What it shows is that there is a wide variation in performance at GCSE between the different Welsh local authorities. Some do very well, such as Neath Port Talbot, Conwy, Flintshire, Swansea and Ceredigion, all of which out-performed expectations.
There were one or two spectacular fails, most notably Merthyr Tydfil, while a larger group failed to meet targets by varying degrees. These included Carmarthenshire, which performed worse than most of the councils for which there were comparable targets.
The gap between the performance of children in Ceredigion and Carmarthenshire is truly staggering. The percentage achieving the Level 2 Threshold (including an A*-C in English, Welsh and Maths) at GCSE was 63% in Ceredigion, compared with 54% in Carmarthenshire. The only local authority to score higher than Ceredigion was Flintshire at 65%.
Ceredigion is overwhelmingly rural, but the urban or largely urban Neath Port Talbot and Swansea both performed much better than expected at GCSE, and just like Carmarthenshire they all have areas of significant social deprivation.
The latest report follows hard on the heels of the Welsh Government's banding tables, which were published in December. The banding tables tell a similar story. Not one secondary school in Carmarthenshire achieved a Band 1 rating, whereas Neath Port Talbot, Swansea and Ceredigion all did well. Practically the only success story in Carmarthenshire was Ysgol Gyfun Emlyn which went from Band 4 to Band 2 after a major shake-up.

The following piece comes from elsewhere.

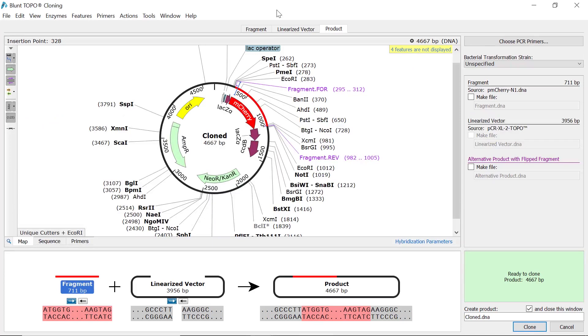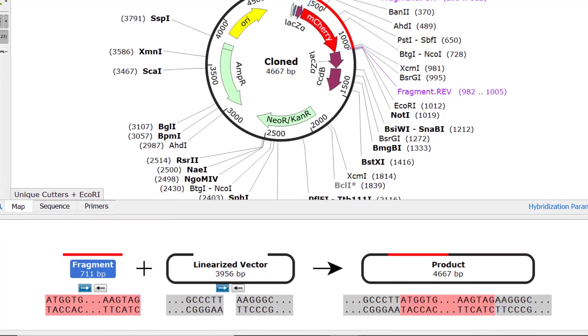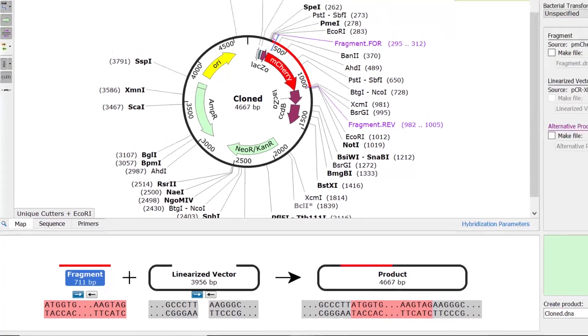Finally, let's look at the output for blunt topo cloning. As the name suggests, you will see a blunt end fragment fused with a blunt end linearized vector.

Strikingly some of the worst rated schools in Carmarthenshire are those which have attracted the most money from the council's Modernising Education Programme. The flagship Queen Elizabeth High went from Band 1 in 2011 to Band 5 in 2012, before climbing back to Band 4 in 2013.
The banding system has attracted a lot of criticism, but taken with the weighted GCSE performances set out in the latest report and also GCSE results in absolute terms, a picture is emerging of significantly worse performance than neighbouring local authorities apart from Pembrokeshire.
Carmarthenshire is not about to join the other Welsh local authorities which have been put into special measures, but people in Monmouthshire may be wondering why the chief executive of Carmarthenshire was parachuted in as a part of a special task force to turn round their county's schools when his time could perhaps have been better spent sorting out problems at home.
Perhaps the biggest challenge Carmarthenshire faces is recognising that it does have a problem, and that closing small schools and spending scores of millions on new school complexes do not guarantee a good education.
Judging from the picture the council likes to paint of itself, we are a very long way off the sort of honesty that will be needed if our children are to be given the same start as children in neighbouring Welsh authorities. Here is what the council's press office has had to say:
"Pupils in Carmarthenshire are top of the class" (Council press release on GCSE results in 2013)
"County's schools to get £120m windfall" (Carmarthen Journal publishing a re-hashed press release on the schools building programme in December 2013).
"Carmarthenshire is celebrating today" (same story in a press release from December 2011).
"Pupils across Carmarthenshire have scored top marks in GCSEs" (Council press release on GCSE results in 2012).
Rather oddly, you may think, the Ministry of Spin has had nothing whatever to say about the bandings tables or the latest report.